Recently I had to add the parameter EnableCloudwatchLogsExport to the template, but when I tried to deploy the stack it failed with the following message:
You currently can't modify MaintenanceWindow with Aurora Serverless.
(Service: AmazonRDS; Status Code: 400; Error Code:
InvalidParameterCombination; Request ID:
bf40fd7e-e599-481a-ac23-b3c68e9794a1)
This is when I didn't even touch that parameter, did anyone faced such issue or any workaround which I can use with CloudFormation
PS: I am aware that I can setup the EnableCloudwatchLogsExport from the CLI but I don't want drift and I would really want it to do it via cloudformatio.
Update:
RDSServerlessDB:
Type: "AWS::RDS::DBCluster"
Properties:
AvailabilityZones:
Fn::GetAZs: !Ref 'AWS::Region'
BackupRetentionPeriod: 3 # Number of days
DatabaseName: !Join ["_", [!Join ["_", !Split [ "-", !Sub '${MasterStack}']], 'fol']]
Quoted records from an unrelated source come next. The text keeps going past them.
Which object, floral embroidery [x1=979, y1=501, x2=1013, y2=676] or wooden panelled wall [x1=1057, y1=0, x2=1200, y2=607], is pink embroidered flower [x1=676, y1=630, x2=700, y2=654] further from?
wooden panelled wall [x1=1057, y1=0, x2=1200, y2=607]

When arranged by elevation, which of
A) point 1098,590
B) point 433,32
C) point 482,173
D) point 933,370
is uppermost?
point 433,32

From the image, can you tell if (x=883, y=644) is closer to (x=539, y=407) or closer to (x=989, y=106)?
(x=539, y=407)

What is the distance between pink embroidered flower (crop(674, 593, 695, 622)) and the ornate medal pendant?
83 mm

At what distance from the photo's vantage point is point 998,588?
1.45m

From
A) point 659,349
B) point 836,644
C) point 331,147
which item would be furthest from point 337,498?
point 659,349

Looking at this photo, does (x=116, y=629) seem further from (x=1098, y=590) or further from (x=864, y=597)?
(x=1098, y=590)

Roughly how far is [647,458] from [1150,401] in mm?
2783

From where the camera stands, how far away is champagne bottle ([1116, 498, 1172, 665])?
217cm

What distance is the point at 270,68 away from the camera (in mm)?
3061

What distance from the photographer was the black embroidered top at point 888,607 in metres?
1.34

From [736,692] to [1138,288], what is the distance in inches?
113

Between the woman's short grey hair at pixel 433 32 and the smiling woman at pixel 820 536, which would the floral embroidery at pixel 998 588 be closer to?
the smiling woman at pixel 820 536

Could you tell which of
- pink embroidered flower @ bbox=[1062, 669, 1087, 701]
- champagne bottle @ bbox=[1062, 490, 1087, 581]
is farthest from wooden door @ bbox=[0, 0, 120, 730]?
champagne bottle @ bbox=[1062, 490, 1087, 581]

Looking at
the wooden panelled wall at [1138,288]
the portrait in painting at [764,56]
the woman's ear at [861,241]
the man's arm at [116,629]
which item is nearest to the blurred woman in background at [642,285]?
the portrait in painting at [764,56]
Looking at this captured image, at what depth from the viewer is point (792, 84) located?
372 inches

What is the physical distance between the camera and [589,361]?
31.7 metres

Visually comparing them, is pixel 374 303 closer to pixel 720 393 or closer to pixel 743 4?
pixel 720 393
DBClusterParameterGroupName: "default.aurora5.6"
DBSubnetGroupName: !Ref RDSDBSubnetGroup
EnableCloudwatchLogsExports:
- error
- general
- slowquery
- audit
Engine: "aurora"
EngineMode: "serverless"
# EngineVersion: "5.6.10a"
MasterUsername: "username"
MasterUserPassword: "{{resolve:ssm-secure:/password:1}}"
# Port: 3306
# PreferredMaintenanceWindow: "sun:01:00-sun:03:00"
ScalingConfiguration:
AutoPause: True
MaxCapacity: 32
MinCapacity: 2
SecondsUntilAutoPause: 300
Tags:
- Key: owner
Value: !Ref StackOwner
- Key: task
Value: !Ref Task
VpcSecurityGroupIds:
- Ref: RDSSecurityGroup

It's a bug.
As a work-around, you can temporarily remove (or comment out) PreferredBackupWindow and PreferredMaintenanceWindow from the template. In my testing, the CF update succeeds and both values are left intact on the instance configuration.
There is actually some debate as to what the expected behavior is. The bug report comments say these settings are not supported in serverless mode, but the AWS Documentation and AWS Console don't seem to support that assertion.

Apparently this is a limitation (among many others) of Aurora Serverless v1: https://docs.aws.amazon.com/AmazonRDS/latest/AuroraUserGuide/aurora-serverless.html#aurora-serverless.limitations (it's the last in the list of limitations).
I tried setting it with the AWS CLI v1 and with the AWS Java SDK v2:
software.amazon.awssdk.services.rds.model.ScalingConfiguration scalingConfiguration = software.amazon.awssdk.services.rds.model.ScalingConfiguration.builder().minCapacity(1).build()
final ModifyDbClusterRequest request = ModifyDbClusterRequest.builder().dbClusterIdentifier(clusterIdentifier).preferredBackupWindow("18:00-19:00").scalingConfiguration(scalingConfiguration).build()
final ModifyDbClusterResponse response = rdsClient.modifyDBCluster(request)
It returns the same error regardless.